Slowing Down for a Fast Marathon

I have a bad habit of going too fast. I know, running fast sure doesn’t sound like a bad thing, but trust me — when training for a marathon running fast can be a very bad thing! Because I am focusing on TWENTY SIX POINT TWO miles (that’s a lotta miles, folks!), I’m not worried about speed. I need to train for strength and endurance. Speed work, running fast, and pushing the pace can lead to burn out and injury — and those will certainly slow you down!

The last few weeks have been pretty terrible in terms of workouts. I’ve felt awful, my legs have been tight, my hips have been locking up, and I’ve struggled to finish my repeats. I was so beat in my last track workout that I ended up missing a lap on my last repeat as well as cut the workout down from 5 to 3 repeats. I was beginning to dread lacing up my shoes and sorta, kinda hated the idea of running. At first I thought I was coming down with something (a cold, the flu, depression, boredom). Then I blamed it on the snow (can’t run on the trail away from traffic where I feel safe) and the never ending snow days (seriously, my kids will still be in school in July!). Then I figured it was probably my period, since hormones just suck. But yesterday I went back over some of my Garmin data.

I had been running well. At least the numbers said so. I was fast! All of my repeats were blistering and my distance was decent. So, why was I feeling so crappy if I kept setting PRs? Because I was running too fast for marathon training! Setting personal bests in the 400m, 800m, 1000m, and mile distances in workouts was a tip off. While I’m pretty damn ecstatic that I can do some of these things, that I’m faster now than I was in college (over 10 years ago!!), I know that these are not paces that will help get me through a  l  o  n  g distance race. I need to build endurance through long runs and the strength to run them with repeats at or **slightly** below race pace.
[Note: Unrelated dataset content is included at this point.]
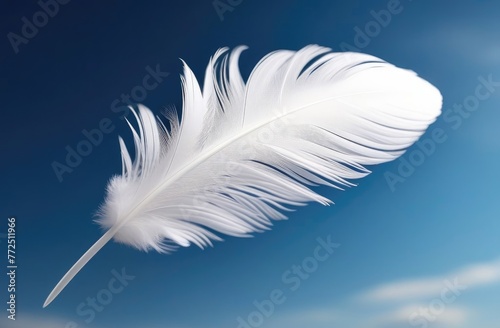 A white fly feather on blue background. photo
Today I switched things up. Instead of running my 1000 meter repeats at “hard pace” (to me that’s been “a bit more effort than 5k pace” which is generally about 6:00-6:30 or so, depending on length) I ran them at a conservative 10k pace. 7 minutes and 15 seconds per mile pace. I would have to adjust and readjust in the first 30 to 45 seconds to find the pace. I was always going too fast. It felt oddly slow…oddly rhythmic. I followed up 5 by 1000m with 10 minutes at marathon pace (so, about 2000m at a hair below 8:00 pace since a lot of it was down hill). I felt great! I felt like I could run the whole workout again. But at the same time I did feel like I had put in good effort — just not enough to make my body hurt or make my mind want to quit.
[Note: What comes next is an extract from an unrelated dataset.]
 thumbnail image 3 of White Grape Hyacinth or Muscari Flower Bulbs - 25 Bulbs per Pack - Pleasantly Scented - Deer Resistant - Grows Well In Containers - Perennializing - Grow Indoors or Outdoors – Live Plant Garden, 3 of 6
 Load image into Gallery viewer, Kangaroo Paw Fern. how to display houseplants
For the next (almost) six weeks I’m focusing strictly on PACE. That means I’m going to have to slow myself down. I’ll probably have to refrain from running on the track since I tend to move a lot quicker there than on the road. I’ll have to actually LOOK at my watch and SLOW DOWN when I’m going too fast. Repeats and strength work will consist of conservative 10k paces and half marathon paces only; not a step will be faster than 7:00, I swear!!  I am pretty confident that a month and a half of running slow will get me to a fast marathon. At the very least I’ll be fresh and injury free!